I'm at a loss trying to implement Bayesian model selection for standard least-squares polynomials fits.
I have three polynomials of order $1$, $2$, and $3$, and a sequence of $(x,y)$ data points. After performing least-squares fitting of the three polynomials, I want to select the one with the maximum evidence (marginal likelihood).
Given a model $H_{i\in\{1,2,3\}}$ with parameters $w_i$, a set of inputs $x$ and outputs $y$, I need to compute the evidence $$ p(y\mid x ,H_i) = \int p(y\mid x,w,H_i)p(w\mid H_i) \, \mathrm{d}w $$ For the cubic polynomial $H_3$, w is a 4-element vector $w=[a,b,c,d]$, and $$ H_3 = a + bx + cx^2 + dx^3 $$
So far, so good.
I want my prior $p(w\mid H_i)$ to be as flat as possible, so my plan is to use an improper prior $p(w\mid H_i)=1$. Or do I have to use something more proper, like a Gaussian with a crazy covariance?
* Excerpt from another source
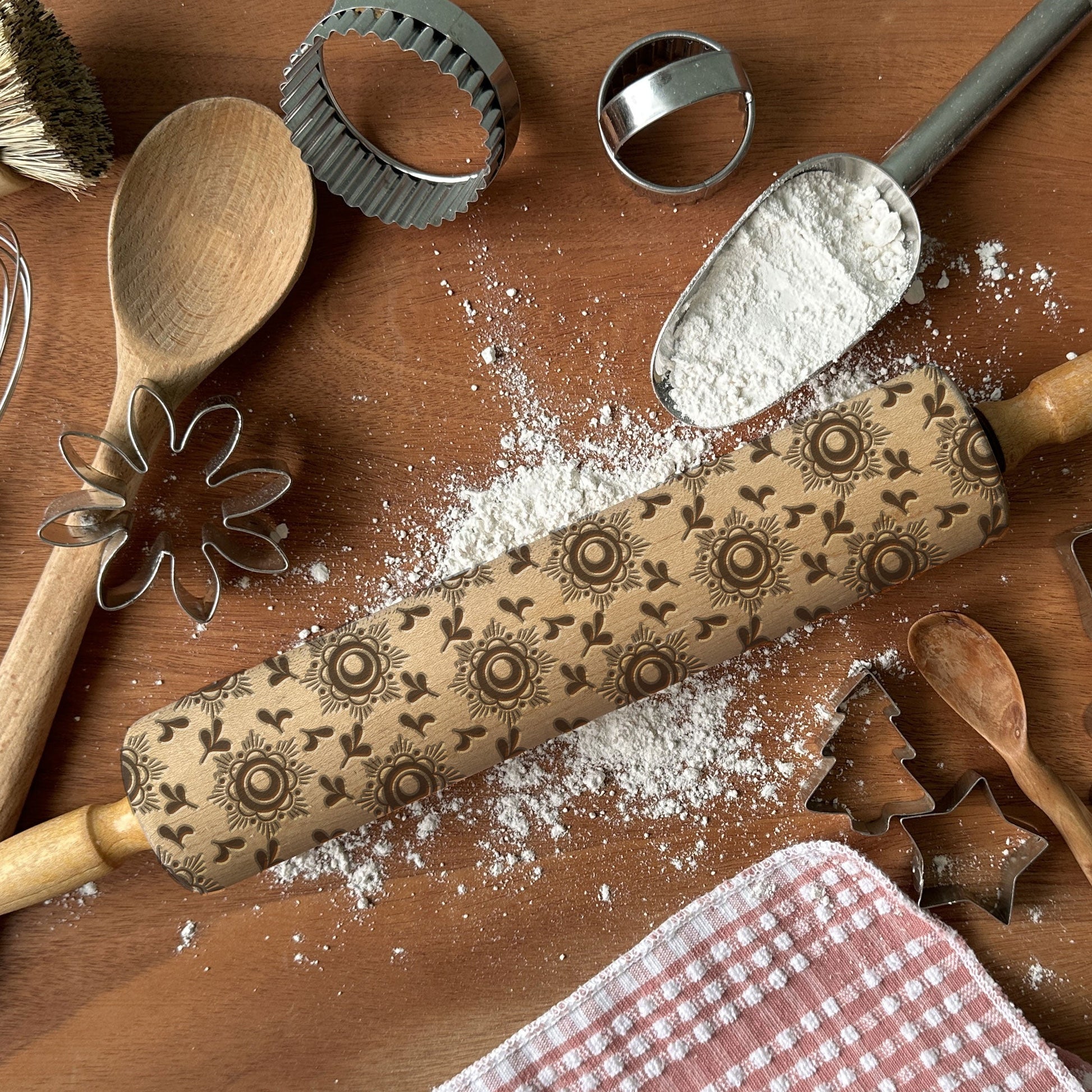 Decorative rolling pin with embossed patterns on a wooden surface with baking tools and flour.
Because otherwise, the integral would reduce to just the integral of the Gaussian PDF $p(y\mid x,w,H_i)=1$ for all my three $H_i$, wouldn't it?
How do people normally do this thing?
Or perhaps I'm just confused about the form of the integral. $\int p(y\mid x,w,H) \, dy=1$, of course, since it is a probability distribution, but the integral I want is $\int p(y\mid x,w,H)\,dw$.
So my question is: how do I compute that integral?